Summer is clearly the peak time at the lake, but our location on the map also affords us a lengthy season to play in the water or on the golf course. It gets warm early in the spring, and the sunshine and high temps can stretch into harvest season. It’s the kind of thing that leaves the folks at places such as Lake Michigan or Lake George or Lake Winnipesaukee feeling envious of our jewel.
The long recreation season also means that there’s ample opportunity to try out new toys on the water—which then leads to those toys starting to accumulate. Storage becomes an issue. You can’t very well leave your stand up paddleboard sitting on the dock all winter, where a powerful snowstorm can snatch it from you or where the sun’s rays can fade or warp it. Nor can you leave your fishing tackle sitting out on the table where the grandkids will mess with it during the holidays (You get a pass if your gear is sitting out because you’re making your own flies—we can all get behind that.) There needs to be appealing, practical and out-of-the-way places to keep your lake gear, to prevent clutter from taking over your residence or boathouse. If you take a moment to look high and low, near and far, you should be able to find the right place for everything, especially when the off-season rolls around.
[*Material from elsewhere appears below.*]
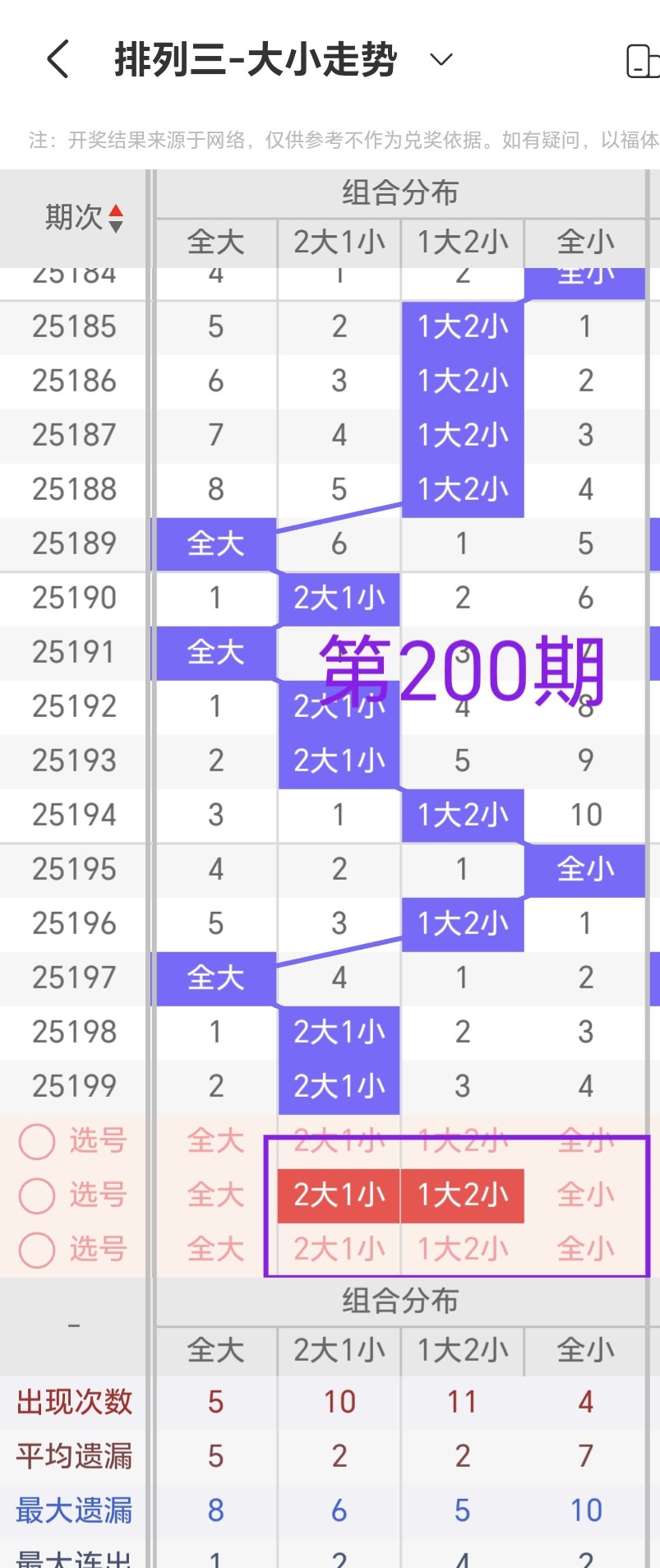 https://f.yddtiyu.com/info/175376417789557e00c80-2b86-4aeb-9ce2-c665ed00d938.jpg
Benefitting at the boathouse
If you haven’t already enclosed the area above your boat slip, then make this a priority when seeking out more storage. Everyone’s dock is styled differently, but most can use the exposed rafters to create a ceiling with storage, which can be ample depending on the pitch of the roof. Floor racks can be installed so that paddleboards and similar equipment can be stored on their sides for protection and to take up minimal real estate. Think carefully before choosing to store kayaks in this location, however, as their hulls are susceptible to extreme heat and freezing temperatures (consult your dealer about storage recommendations).
Your new boathouse attic gets bonus points if a pull-down stairway is installed—that way inflatables and life vests are easily accessible at the waterfront, while the space is truly out of sight and mind when not needed.
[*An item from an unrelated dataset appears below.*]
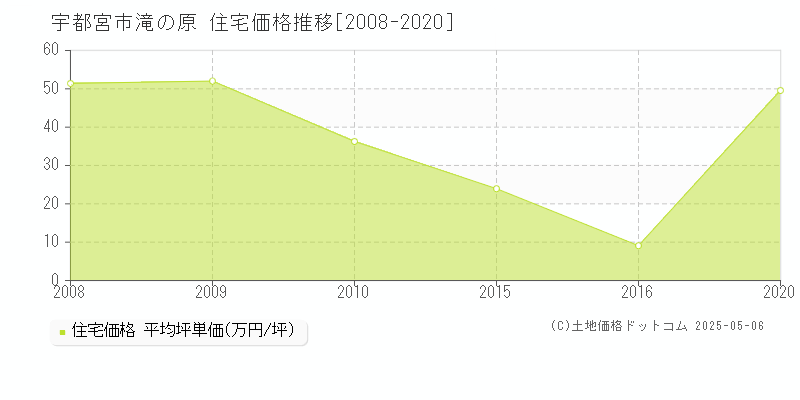 宇都宮市滝の原の住宅価格推移グラフ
The attic solution offers fringe benefits as well, such as the opportunity to install more elegant lighting and ceiling fans, while keeping the wiring hidden in the new attic space, and there’s no chance of birds roosting above your boat and leaving you “presents” that you have to clean off.
Shed the clutter
Many properties at the lake are on steep slopes, are heavily landscaped or don’t allow much room between neighbors. But if there’s a 12-by-12-foot space that can be leveled for shed installation, this might be your ticket to keeping the cumbersome stuff out of the main house.
While there are perfectly nice prefab sheds available on the market, it’s also possible to have them custom-made to coordinate with your home (and not break the bank). Sheds are all about maximizing storage opportunities, which means multiple layers of shelving, an array of hooks, pegboards and cabinetry will be vital to keeping your tackle organized, your tools off the ground and your wetsuit hung up. You can even get creative if you have exposed studs in the shed, adding shelves between them or using thin retaining boards to turn them into pockets for fishing poles or oars.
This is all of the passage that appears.